The Seller shall bear the risk of loss of all equipment, supplies, and/or services provided until delivered and accepted by the University in Kirksville, and the Seller shall also bear any risks for non-conforming equipment, supplies, and/or services after notice of revocation of acceptance.


The University assumes no liability or responsibility for equipment, supplies, and/or services charged to the University’s account without an official purchase order.


Standard payment arrangements are net 30 days unless otherwise stated on seller invoice.

  1. The University does not pay state or federal taxes unless otherwise required under law or regulation. Copies of the University’s state sales tax and use letter of exemption are available upon request. Prices shall include all packing, handling and shipping charges FOB destination, freight prepaid and allowed unless otherwise specified herein. Equipment, supplies and/or services may not be shipped under any other terms of delivery without the prior written consent of the University.
  2. The University will not be liable for any charges for drayage, packing, cartage, boxing, crating or storage in excess of the stated purchase price of the equipment, supplies, and/or services unless the University authorizes such charges in writing.
  3. The University’s financial management system has been designed to capture certain receipt and payment information. Therefore, each invoice submitted must reference the purchase order number and must be itemized in accordance with items listed on the purchase order. Failure to comply with this requirement may delay processing of invoices for payment. Invoices are to be mailed to the University’s Business Office and are not to be delivered to University employees.
  4. The Seller shall not transfer any interest in the purchase order, whether by assignmentor otherwise, without the prior written consent of the University.
  5. Payment for all equipment, supplies, and/or services required herein shall be made in arrears unless otherwise indicated in the specific contract terms.
  6. The University assumes no obligation for equipment, supplies, and/or services shipped or provided in excess of the quantity ordered. Any unauthorized quantity is subject to the University’s rejection and shall be returned at the Seller’s expense.
  7. Delays in receiving invoices, errors and omissions in invoices are just cause for withholding payment without losing cash discount privileges.
  8. All invoices for equipment, supplies, and/or services purchased by the University shall be subject to late payment charges as provided in Section 34.055 RSMo.

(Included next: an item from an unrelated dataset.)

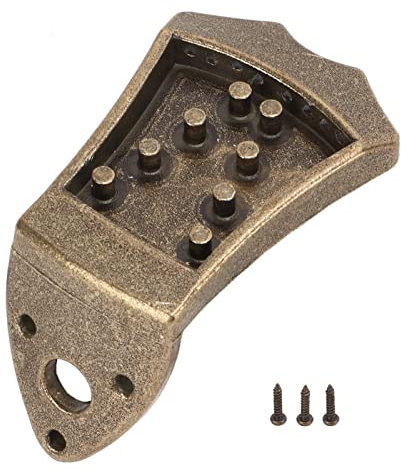 Kketeopt Metal Mandolin Tailpiece Upgrade Improve Tone and Volume for 8 String Mandolin Accessories (Bronze)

Time is of the essence. Deliveries of equipment, supplies, and/or services must be made no later than the time stated in the purchase order or within a reasonable period of time, if a specific time is not stated. If delivery is not made at the time specified by the University, the University reserves the right to cancel this purchase order or to purchase the goods elsewhere and hold the Seller accountable.


  1.  No equipment, supplies, and/or services received by the University pursuant to a purchase order shall be deemed accepted until the University has had reasonable opportunity to inspect said equipment, supplies, and/or services.
  2.  All equipment, supplies, and/or services which do not comply with the specifications and/or requirements or which are otherwise unacceptable or defective may be rejected. In addition, all equipment, supplies, and/or services which are discovered to be defective or which do not conform to any warranty of the Seller upon inspection (or at any later time if the defects contained were not reasonably ascertainable upon the initial inspection) may be rejected.
  3.  The University reserves the right to return any such rejected shipment at the Seller’s expense for full credit or replacement and to specify a reasonable date by which replacements must be received.
  4. The University’s right to reject any unacceptable equipment, supplies, and/or services shall not exclude any other legal, equitable or contractual remedies the University may have. The University’s expenses of inspection may be recovered from the Seller if the equipment, supplies, and/or services do not conform.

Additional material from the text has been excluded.